Is it wrong to tell a little white lie in order to save an oppressed minority you're harboring in order to avoid genocide? Such a claim seems unreasonable and unlovingly rigid. In this episode we look at the ramifications of accepting lying as a moral option.
We take all we've discussed in the previous eight episodes and begin to look at specific moral conundrums. We specifically begin with ectopic pregnancies, since for pro-life, conservative Christians, the morality of this issue is very settled and clear for most. That makes uncovering inconsistencies in the generally accepted morality here an easy entry point.
I continue to look at how consequentialism has affected my life by looking at how it shaped my view of forgiveness. I look at some issues consequentialists tend to have with forgiveness and how that compares to what the Bible says.

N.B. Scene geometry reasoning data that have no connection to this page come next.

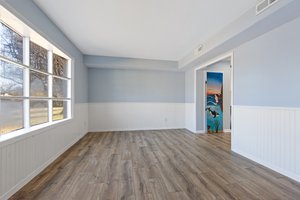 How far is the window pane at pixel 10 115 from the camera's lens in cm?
178

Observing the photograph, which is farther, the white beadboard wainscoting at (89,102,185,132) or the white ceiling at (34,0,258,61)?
the white beadboard wainscoting at (89,102,185,132)

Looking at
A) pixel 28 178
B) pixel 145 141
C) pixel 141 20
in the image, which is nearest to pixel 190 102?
pixel 145 141

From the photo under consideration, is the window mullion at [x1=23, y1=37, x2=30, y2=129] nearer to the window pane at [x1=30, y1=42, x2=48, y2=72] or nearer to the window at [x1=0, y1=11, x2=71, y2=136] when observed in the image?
the window at [x1=0, y1=11, x2=71, y2=136]

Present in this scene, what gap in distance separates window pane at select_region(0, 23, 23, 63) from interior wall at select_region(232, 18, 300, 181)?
3.86 metres

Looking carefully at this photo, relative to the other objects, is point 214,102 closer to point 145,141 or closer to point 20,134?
point 145,141

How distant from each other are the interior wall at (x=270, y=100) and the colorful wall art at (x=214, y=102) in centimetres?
187

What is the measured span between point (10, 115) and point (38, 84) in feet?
2.61

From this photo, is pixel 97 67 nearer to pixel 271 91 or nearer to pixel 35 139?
pixel 35 139

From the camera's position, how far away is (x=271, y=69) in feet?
8.11

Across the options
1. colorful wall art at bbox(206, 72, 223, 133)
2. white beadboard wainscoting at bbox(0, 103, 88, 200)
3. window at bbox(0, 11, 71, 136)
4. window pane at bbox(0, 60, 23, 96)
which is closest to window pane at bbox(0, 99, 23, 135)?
window at bbox(0, 11, 71, 136)

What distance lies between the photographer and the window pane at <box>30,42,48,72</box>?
7.94 feet

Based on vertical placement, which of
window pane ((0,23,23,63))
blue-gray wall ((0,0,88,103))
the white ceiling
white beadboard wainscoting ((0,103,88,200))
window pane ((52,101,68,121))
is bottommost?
white beadboard wainscoting ((0,103,88,200))

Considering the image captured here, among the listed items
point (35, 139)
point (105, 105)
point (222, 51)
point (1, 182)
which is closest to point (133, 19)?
point (222, 51)

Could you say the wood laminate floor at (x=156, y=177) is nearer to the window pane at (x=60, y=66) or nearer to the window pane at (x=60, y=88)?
the window pane at (x=60, y=88) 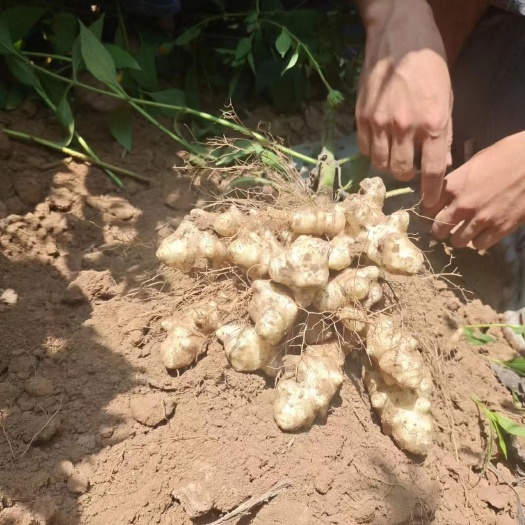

The next four episodes deal with how God has uncovered the problems of consequentialism in my own life. The first area I want to explore is how consequentialism undermined the grace I showed (or failed to show) others, and my own view of the grace I needed myself.
Special Edition: The recent release of Christianity Today's article addressing the moral incompatibility of major party candidate's with Christ's call is very fitting for our current discussion on consequentialism. Therefore, we take a short break from hypotheticals to inspect the Right's reaction to CT's article, as I unpack my sentiments and observations.
After looking at the BIble's positive ethic of faithfulness, as well as problems with the consequentialist ethic borne out in the Lesser of Two Evils ideology - we now turn to look at examples of consequentialist actions in the Bible. What sorts of problems did consequentialism get biblical characters into, and how does the BIble seem to view such actions?
Christians often invoke the lesser of two evils (LOTE) concept as a way of making decisions in difficult circumstance. I argue, however, that this ethic is in direct opposition to the Christian ethic revealed to us by God, as it calls us to enjoin ourselves to evil rather than maintain holy obedience and trust in God's power through our weakness. In this episode, I identify eight problems found in the LOTE ethic.
I discuss how God uncovered the ethic of consequentialism in my life, and how I've found that it continues to be uncovered in both myself and my community. In this episode I discuss how consequentialism is at the heart of many of our compromises and confusions in regard to ethics and morality.
This episode concludes our look at the case for Christian nonviolence. I recap the main points as well as some of the main rebuttals and counterrebuttals. This is a great episode to refresh your memory as to all we've talked about, or, if you're new, a great episode you can use to preview the podcast and erect a framework from which to listen.
We continue our discussion of how the nonviolent advocate responding to aggressors. Whereas the last episode evaluated the basis of the question and aimed to undercut some of the supposed moral underpinnings assumed in the question, in this episode we attempt to actually answer the question, "what would you do if...?"
Perhaps the biggest hang-up with those assessing the merits of nonviolence is the scenario of an intruder who comes to harm you, your spouse, or your children. Is the loving, moral thing to do seriously to restrain yourself from using violence? In the first part we'll look at the moral aspect of this question.